Helen Clark's chances of becoming United Nations Secretary-General are now virtually nil after Bulgaria announced a new candidate for the role, an analyst says.
Bulgaria has nominated its European commissioner, Kristalina Georgieva, and withdrawn its support for its previous candidate Irina Bokova.
New Zealand's Helen Clark is bidding for the role and finished seventh out of the then nine candidates in the most recent 'straw poll' of UN Security Council members.
Ms Georgieva, a vice-president of the Commission who was responsible for sorting out the European Union budget after Britain's vote to leave the bloc, had a better chance of becoming the first woman to head the global body, Bulgarian Prime Minister Boiko Borisov said.

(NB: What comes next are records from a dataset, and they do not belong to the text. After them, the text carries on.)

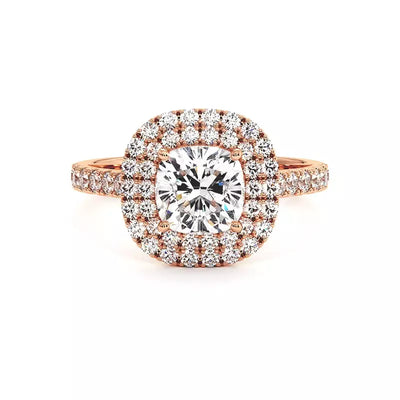 Solitaire Diamant Coussin Double Halo Ma Vie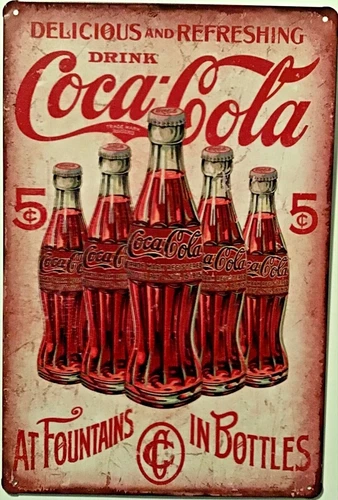 TIN SIGN 8x12 Coca Cola coke bottles vintage soda pop beverage icon drink Br10c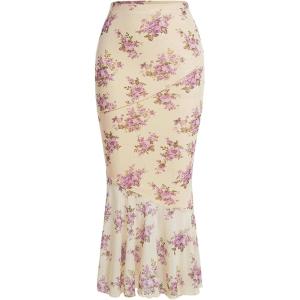 imageVerdusa Womens Floral Print High Waist Bodycon Ruffle Hem Fishtail Long SkirtApricot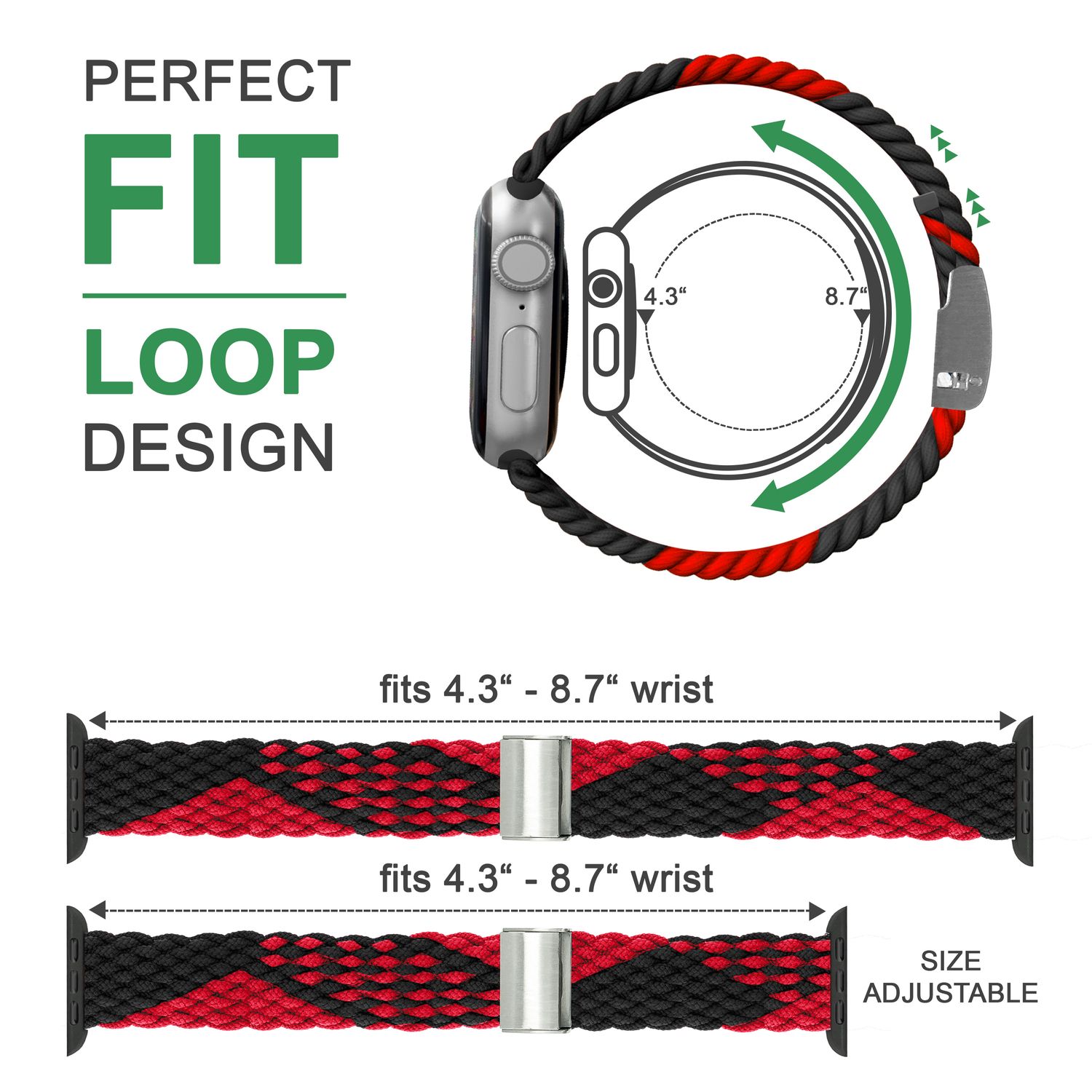 Armband für Apple Watch SE/8/7/6/5/4/3/2/1, 38/40/41mm Geflochten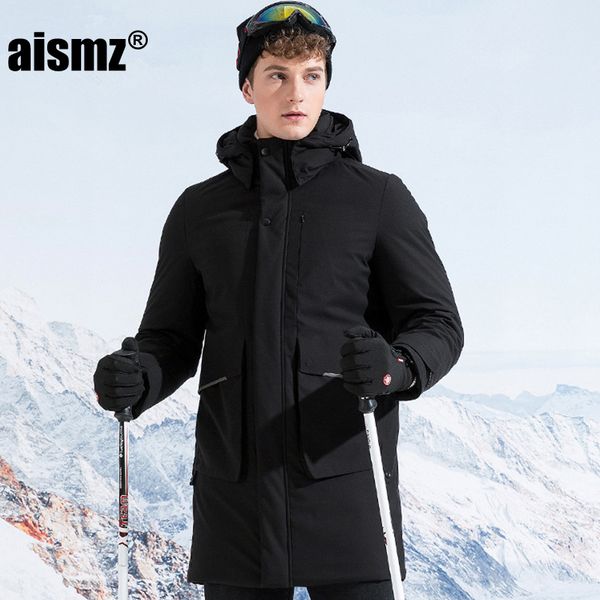 

aismz men's russia canada winter 90% white duck long down jacket hat detachable windproof waterproof coat overcoat, Black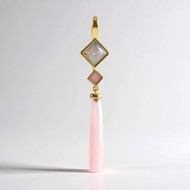 Zilveren hanger met een roze chalcedon (KM by Juwelo)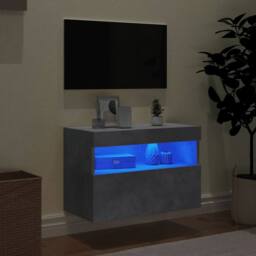 Berkfield Home TV Wall Cabinet with LED Lights Concrete Grey 60x30x40 cm - Size: 60 x 30 x 40 cm - thumbnail 4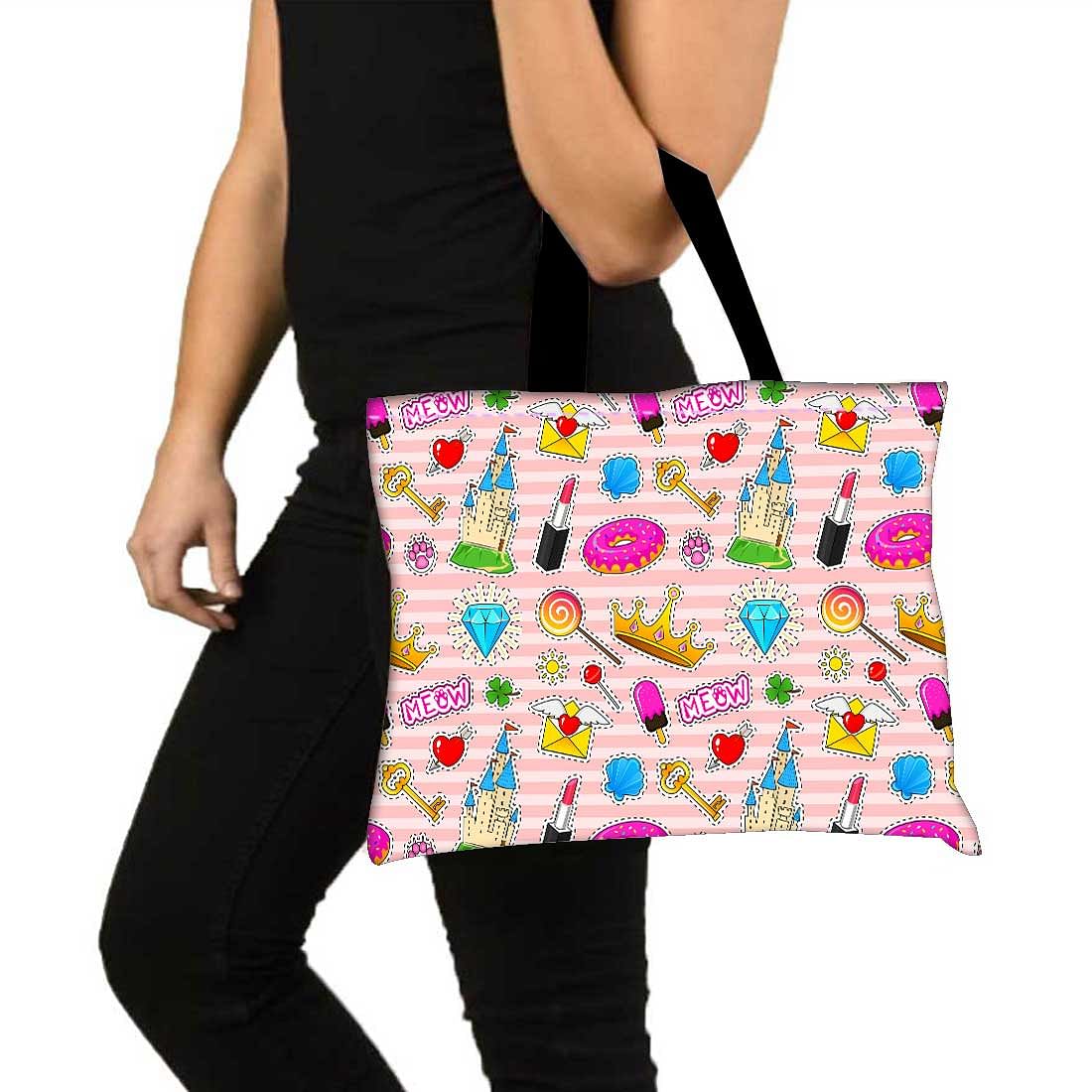 Designer Tote Bag With Zip Beach Gym Travel Bags -  Meow Nutcase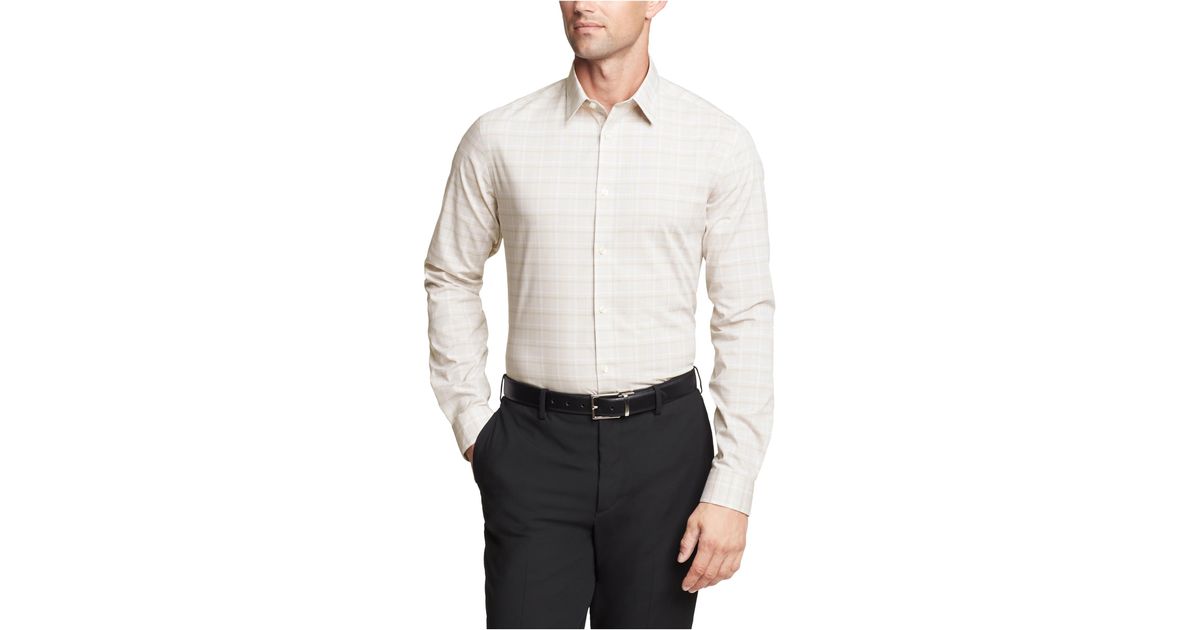 Calvin Klein Dress Shirt Non Iron Stretch Slim Fit Check in White for ...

Mark Leon Goldberg, who edits the global affairs blog UN Dispatch, told Afternoons that Bulgaria's announcement was bad news for Miss Clark.
"Her chances before Kristalina Georgieva's entrance into the race were quite low, and now they've gone from low to virtually nil," he said.
Ms Georgieva was well-known and well-respected.
"She's a woman, and there's a lot of ... pressure to have the first female secretary-general, and she's also from eastern Europe - and there's a sense that it's eastern Europe's time to assume the top job."
Miss Clark was unlikely to drop out of the race before the next straw poll on 5 October, Mr Goldberg said.
"We don't know where Kristalina Georgieva stands until the next straw poll.
"There's no incentive for [Miss Clark] to drop out of the race until then."
The next straw poll is the first time that candidates will be able to see whether any of their 'discourage' votes are coming from the five permanent security council members - who can veto candidates.
Ms Bokova, director-general of the UN's cultural arm UNESCO, said she would stay in the race to replace Ban Ki-moon after coming sixth among nine contenders in the latest round of voting at the UN Security Council on Monday.
Nearly a third of the 193 UN member states, along with civil society groups, have pushed for a female secretary-general. The nomination of the highly-regarded Ms Georgieva could revive their fading hopes, diplomats said.
Ms Georgieva, 63, a former World Bank economist, said she would present her credentials and vision for the top UN job to member states. If her bid was successful she would also be the first secretary-general from eastern Europe to take the post.
Two Bulgarian women in race
Bulgarian Foreign Minister Daniel Mitov said UN procedure did not allow for a country to withdraw a nomination and that Bokova would have to decide how to proceed.
The government had said it would reconsider its support for Bokova if she did not come first or second in the latest ballot.
But Ms Bokova, who has served as Bulgarian ambassador to France and Monaco and briefly as acting foreign minister in a Socialist government in the 1990s, said on Twitter she was fully committed to continuing the race.
Prior to Ms Georgieva's nomination, Ms Bokova told a Bulgarian newspaper the nomination of a second Bulgarian candidate would only hurt the chances of both.
Her replacement angered Bulgaria's opposition Socialist party, which said it would try to build support for a parliamentary no-confidence vote in Borisov's centre-right government over its foreign policy.
In Monday's secret ballot, the fifth in the process, former Portuguese Prime Minister António Guterres remained in the lead.
The 15-member Security Council will continue holding secret ballots in a bid to reach consensus on a candidate that it then recommends to the 193-member UN General Assembly for election.
South Korea's Ban is due to step down at the end of 2016 after serving two five-year terms.